Konuttaki tüm imkanların karavanda da olduğunu anlatan Kaptan, “Yıllarca ailecek 3 aylık yaz tatilimizi karavan kampında geçiriyoruz. Karavan benim için özgürlük demek. Hayat görüşü çok farklı kişilerle tanışabiliyorsunuz. Onlarla vakit geçiriyorsunuz sosyalleşiyorsunuz. Otele gitsek bu kadar rahat edemeyiz. Komşularımızla oturuyoruz, yemek yiyoruz, sohbet ediyoruz. Burada bir aile üzere oluyoruz.” dedi.
Kaptan, 4 kişinin içinde rahat bir şekilde yaşayabileceği karavanını kışın kampta bulunan otoparkta bıraktıklarını, kampta tanıştıkları birçok şahısla kışında görüşmeye devam ettiklerini aktardı. Tatilini karavanda geçiren 62 yaşındaki Gülay Aybeyi ise daha evvel tatilini çadırda yaptığını 2 yıldan bu yana yaz aylarını satın aldıkların karavanda geçirdiğini anlattı.

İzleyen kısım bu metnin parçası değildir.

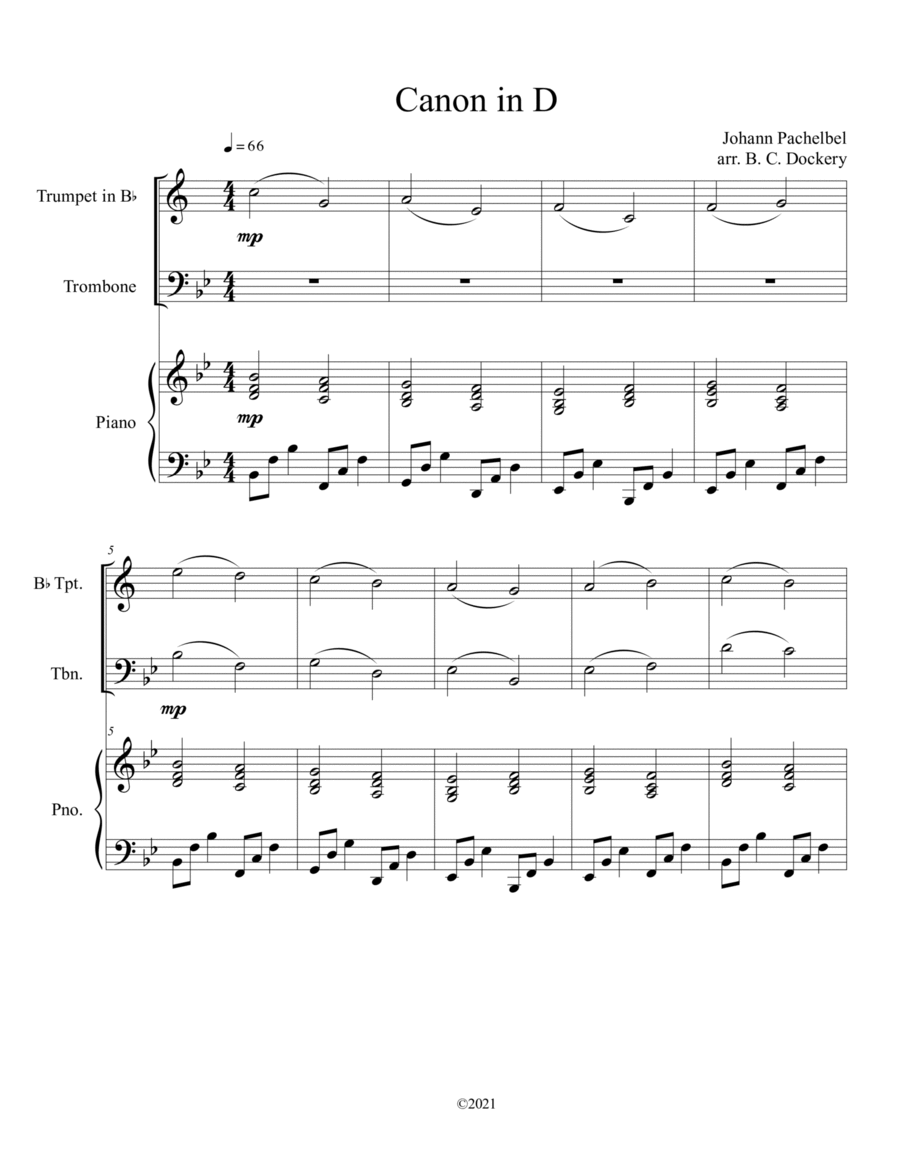 Canon in D (Trumpet and Trombone Duet) with Piano image number null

Münhasıran Kovid-19 sürecinde vatandaşların karavanlara olan ilgisinin daha da arttığını vurgulayan Aybeyi, “Biz duvarsız meskenlerde yaşıyoruz. Herkes birbirinin her şeyi ile ilgili. En ufak bir şeyde birbirimize yardım ediyoruz. Çok zevkli bir hayat. Tabiatta yaşayabileceğiniz mekanlar arıyorsunuz. Benim hayalimde karavan daima vardı. Vatandaşlar tabiat ile baş başa kalabilmek için kesinlikle karavan turizmine ehemmiyet vermeli.” diye konuştu.